Bug 133596

Summary: LTC20983- IBM Java2-142 JVM Crashes (i686)
Product: [openSUSE] SUSE LINUX 10.0 Reporter: Brad Murphy <bradmurphy>
Component: X11 ApplicationsAssignee: Daniel Bornkessel <dbornkessel>
Status: RESOLVED WONTFIX QA Contact: Adrian Schröter <adrian.schroeter>
Severity: Normal    
Priority: P5 - None CC: bugproxy, corryk
Version: Final   
Target Milestone: ---   
Hardware: i686   
OS: SuSE Linux 10.0   
Whiteboard:
Found By: Development Services Priority:
Business Priority: Blocker: ---
Marketing QA Status: --- IT Deployment: ---
Attachments: javacore.txt file
gam_error_sigaction.patch

Description Brad Murphy 2005-11-12 21:40:00 UTC
The IBM JVM (IBMJava2-142-ia32-SDK-1.4.2-3.0.i386.rpm) crashes when starting Eclipse 3.1.  Sometimes Eclipse starts and then crashes in the middle of working, but most of the time it crashes during startup.  When launched from the console, the following error appears:
   JVMDG217: Dump Handler is Processing Signal 11 - Please Wait.
I did not find any core dump from the JVM.  The Sun 1.4.2 JVM works just fine.  I am running SuSE 10 (OSS) with kernel 2.6.13-15-default (non-GPL).  It works on SuSE 9.3, which is what I used before.
Comment 1 Michael Gross 2005-11-14 15:41:03 UTC
Please always choose the correct component and version.
Daniel: Can this be supported in that fashion?
Comment 2 Daniel Bornkessel 2005-11-14 19:22:16 UTC
Kevin, do you by any chance know what this could cause?
It seems like a JVM bug ... is there any chance to get more information?
Comment 3 Kevin Corry 2005-11-14 19:39:04 UTC
Hi Daniel,
I really don't know anything about Java. About the only thing I can do is mirror this back to the LTC and try to forward it on to someone in the Java software group. Likewise for bug 133703 and bug 133706.

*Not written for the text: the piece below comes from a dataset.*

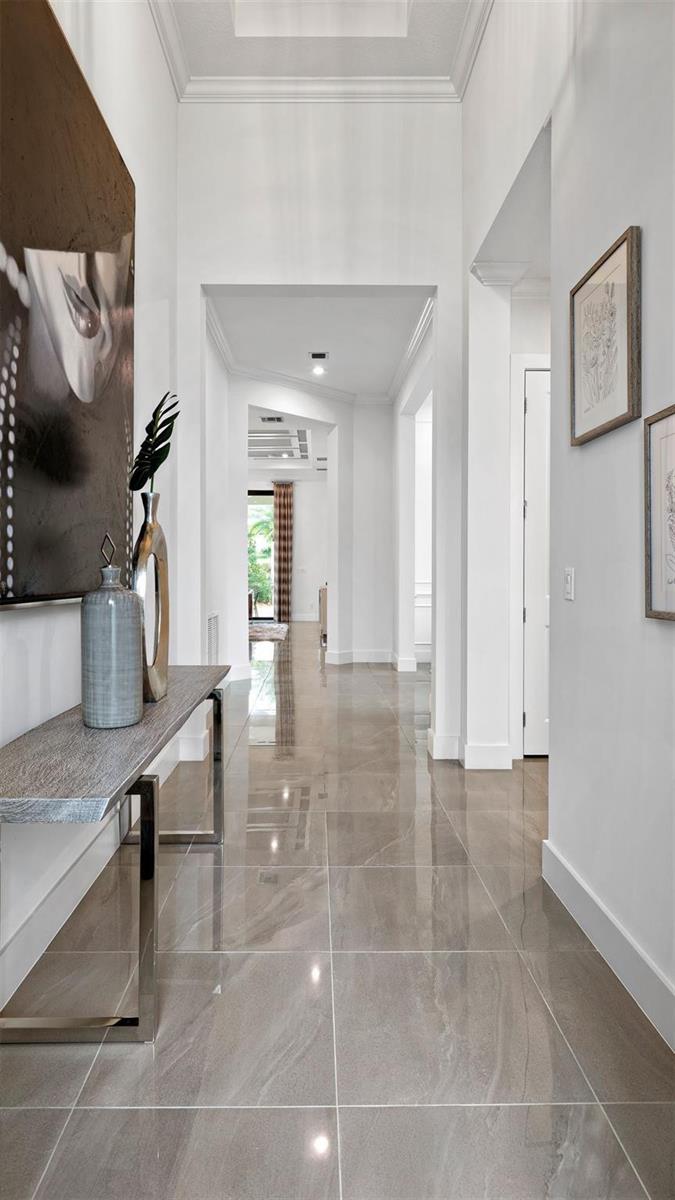 A bright hallway features large gray tile flooring, a console table, and framed wall art — 1911 SE Royale Preserve Way, Stuart FL 34997, STUART, FL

Comment 4 LTC BugProxy 2006-01-10 20:49:17 UTC
What occurs if you start java with the Just-In-Time compiler disabled? That is, using the command line option of -Djava.compiler=NONE. Is this an emt64t system with an i386 version of SuSE installed? Also, do you see any difference if using the new Java 5 release ( http://www-128.ibm.com/developerworks/java/jdk/linux/download.html ) ?
Comment 5 LTC BugProxy 2006-01-10 20:54:30 UTC
Oh, also, does it generate a javacore.txt file by chance or a Linux core file if you ensure that ulimit -c unlimited ?
Comment 6 Brad Murphy 2006-01-13 13:22:01 UTC
Nothing changes when I start java with the JIT compiler disabled.  I haven't gotten a core or a javacore.txt with ulimit -c unlimited, but I have only let the crash run for a few minutes.  I'll let it run longer and see what happens.

This does not happen running "J2RE 1.5.0 IBM Linux build pxi32dev-20051104", which I have been using for some time now.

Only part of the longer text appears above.